Random Thoughts: Three seconds with Tony Romo

Random Thoughts after a review of the Cowboys' thrilling 19-14 victory over the Carolina Panthers on Sunday:

1. We talk all the time about how fast quarterbacks get rid of the ball. There was a debate about this in Philadelphia, where quarterback Michael Vick seemingly was holding onto the ball too long, leading to sacks. Sunday at Carolina, Tony Romo got rid of the ball on an average of three seconds. If he held it longer than that, he moved up in the pocket or scrambled out of trouble. We're not saying the Panthers had a tremendous pass rush, but it's worth noting how fast Romo got rid of the ball and how the Cowboys' receivers helped him by getting open. On Romo's 26-yard touchdown pass to Miles Austin, he held the ball for three seconds before throwing the fade to the end zone.

2. It seems Kevin Ogletree, the Cowboys No. 3 receiver, just can't elevate his game. He finished with four catches for 27 yards, but he should have had a bigger impact. He dropped an easy pass in the third quarter on a leaping attempt. Then he ran the wrong route when Romo threw a back shoulder fade pass. You have to question how long the Cowboys will stick with Ogletree as the No. 3 receiver when they have Dwayne Harris, Andre Holmes and Cole Beasley waiting for playing time.

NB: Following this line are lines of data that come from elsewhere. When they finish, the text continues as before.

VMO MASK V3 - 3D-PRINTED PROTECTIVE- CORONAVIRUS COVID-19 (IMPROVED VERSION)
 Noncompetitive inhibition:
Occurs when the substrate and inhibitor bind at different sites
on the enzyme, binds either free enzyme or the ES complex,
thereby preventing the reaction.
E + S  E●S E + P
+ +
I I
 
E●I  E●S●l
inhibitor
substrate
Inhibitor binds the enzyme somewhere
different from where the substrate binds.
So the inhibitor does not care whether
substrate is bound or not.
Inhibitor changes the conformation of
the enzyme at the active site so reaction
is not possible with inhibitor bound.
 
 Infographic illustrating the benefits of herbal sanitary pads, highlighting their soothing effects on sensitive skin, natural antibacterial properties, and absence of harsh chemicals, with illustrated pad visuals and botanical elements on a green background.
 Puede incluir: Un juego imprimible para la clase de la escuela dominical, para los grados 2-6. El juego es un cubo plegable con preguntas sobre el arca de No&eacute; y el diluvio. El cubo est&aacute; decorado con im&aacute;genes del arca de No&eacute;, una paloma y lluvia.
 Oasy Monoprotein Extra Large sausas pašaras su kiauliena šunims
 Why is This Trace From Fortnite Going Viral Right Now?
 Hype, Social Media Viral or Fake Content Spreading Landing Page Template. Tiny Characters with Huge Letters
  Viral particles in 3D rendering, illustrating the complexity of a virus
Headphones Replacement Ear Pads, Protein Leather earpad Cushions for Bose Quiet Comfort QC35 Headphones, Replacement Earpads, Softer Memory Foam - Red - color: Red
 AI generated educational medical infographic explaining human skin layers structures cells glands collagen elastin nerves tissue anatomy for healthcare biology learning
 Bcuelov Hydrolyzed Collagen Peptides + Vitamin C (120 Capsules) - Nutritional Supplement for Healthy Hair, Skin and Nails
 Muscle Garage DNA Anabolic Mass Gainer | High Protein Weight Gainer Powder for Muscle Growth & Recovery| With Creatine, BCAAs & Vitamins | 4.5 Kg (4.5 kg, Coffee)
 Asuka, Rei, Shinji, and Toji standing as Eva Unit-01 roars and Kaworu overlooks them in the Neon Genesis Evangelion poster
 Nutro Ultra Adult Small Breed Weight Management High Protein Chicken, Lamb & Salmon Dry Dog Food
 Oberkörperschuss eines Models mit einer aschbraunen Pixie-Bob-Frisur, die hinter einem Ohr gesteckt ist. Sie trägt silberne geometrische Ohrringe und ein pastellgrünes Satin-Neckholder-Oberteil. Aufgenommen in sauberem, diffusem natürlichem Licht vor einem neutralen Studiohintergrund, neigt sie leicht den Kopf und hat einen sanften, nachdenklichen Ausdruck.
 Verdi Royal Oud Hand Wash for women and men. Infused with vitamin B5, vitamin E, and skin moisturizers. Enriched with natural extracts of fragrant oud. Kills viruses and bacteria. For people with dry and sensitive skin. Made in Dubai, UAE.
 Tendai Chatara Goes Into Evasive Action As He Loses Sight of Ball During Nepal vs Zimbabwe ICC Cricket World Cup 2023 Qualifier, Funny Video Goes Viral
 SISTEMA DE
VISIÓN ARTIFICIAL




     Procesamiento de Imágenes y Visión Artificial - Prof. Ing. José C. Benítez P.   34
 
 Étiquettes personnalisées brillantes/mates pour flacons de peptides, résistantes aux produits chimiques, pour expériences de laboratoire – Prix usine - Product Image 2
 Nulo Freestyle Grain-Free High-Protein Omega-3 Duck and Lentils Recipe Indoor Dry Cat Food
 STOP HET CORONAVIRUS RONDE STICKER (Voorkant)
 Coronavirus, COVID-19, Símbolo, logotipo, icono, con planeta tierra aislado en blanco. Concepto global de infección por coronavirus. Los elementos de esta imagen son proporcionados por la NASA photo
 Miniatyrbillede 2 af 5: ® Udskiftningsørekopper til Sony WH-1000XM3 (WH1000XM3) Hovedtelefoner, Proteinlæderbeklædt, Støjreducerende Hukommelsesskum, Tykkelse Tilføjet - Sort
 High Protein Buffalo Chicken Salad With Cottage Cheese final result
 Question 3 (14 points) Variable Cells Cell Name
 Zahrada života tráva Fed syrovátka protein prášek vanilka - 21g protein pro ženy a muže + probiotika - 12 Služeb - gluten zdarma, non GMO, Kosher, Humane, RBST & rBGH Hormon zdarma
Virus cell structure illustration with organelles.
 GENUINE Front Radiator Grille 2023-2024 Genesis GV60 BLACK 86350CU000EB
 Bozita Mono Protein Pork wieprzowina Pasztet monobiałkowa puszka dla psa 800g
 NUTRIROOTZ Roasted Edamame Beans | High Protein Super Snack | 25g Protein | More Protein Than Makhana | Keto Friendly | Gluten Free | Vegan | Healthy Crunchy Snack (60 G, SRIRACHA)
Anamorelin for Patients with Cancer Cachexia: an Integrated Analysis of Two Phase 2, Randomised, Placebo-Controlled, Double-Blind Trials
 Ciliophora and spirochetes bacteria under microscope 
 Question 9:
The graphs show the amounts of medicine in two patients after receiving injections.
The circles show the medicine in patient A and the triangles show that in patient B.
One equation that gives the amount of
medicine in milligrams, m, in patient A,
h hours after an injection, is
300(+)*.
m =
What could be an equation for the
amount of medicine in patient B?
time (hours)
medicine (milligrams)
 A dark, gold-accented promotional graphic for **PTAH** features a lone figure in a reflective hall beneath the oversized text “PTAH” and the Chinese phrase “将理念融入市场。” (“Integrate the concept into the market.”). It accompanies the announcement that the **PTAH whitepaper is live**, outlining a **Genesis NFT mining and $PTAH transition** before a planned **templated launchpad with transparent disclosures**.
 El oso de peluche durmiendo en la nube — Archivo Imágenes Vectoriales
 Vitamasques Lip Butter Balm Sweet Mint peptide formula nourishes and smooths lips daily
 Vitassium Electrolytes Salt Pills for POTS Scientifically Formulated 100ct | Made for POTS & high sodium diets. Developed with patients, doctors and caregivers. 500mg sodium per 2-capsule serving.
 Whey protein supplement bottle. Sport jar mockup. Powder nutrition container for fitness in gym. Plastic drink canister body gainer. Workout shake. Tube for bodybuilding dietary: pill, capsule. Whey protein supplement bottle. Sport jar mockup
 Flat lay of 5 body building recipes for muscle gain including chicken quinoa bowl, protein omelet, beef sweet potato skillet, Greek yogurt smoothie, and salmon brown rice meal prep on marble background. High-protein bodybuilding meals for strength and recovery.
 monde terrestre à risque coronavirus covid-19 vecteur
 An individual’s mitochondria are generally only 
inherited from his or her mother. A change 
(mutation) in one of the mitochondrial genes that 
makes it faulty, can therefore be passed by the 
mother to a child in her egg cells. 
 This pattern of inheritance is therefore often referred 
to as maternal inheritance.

3. After the game, we gave Morris Claiborne our "Stock Up" designation for his interception and knockdown of a key fourth-down pass. But a closer look reveals Claiborne struggled a little bit. He gave up a few pass plays, including on a third-and-long near-completion where Louis Murphy dropped the ball near the sidelines in the third quarter. Claiborne also slowed down on Brandon LaFell's 5-yard touchdown reception. Claiborne followed him across the field and, when LaFell made the catch, Claiborne slowed up, thinking he might run into Brandon Carr, who was at the goal line. Claiborne perhaps should have dove into LaFell.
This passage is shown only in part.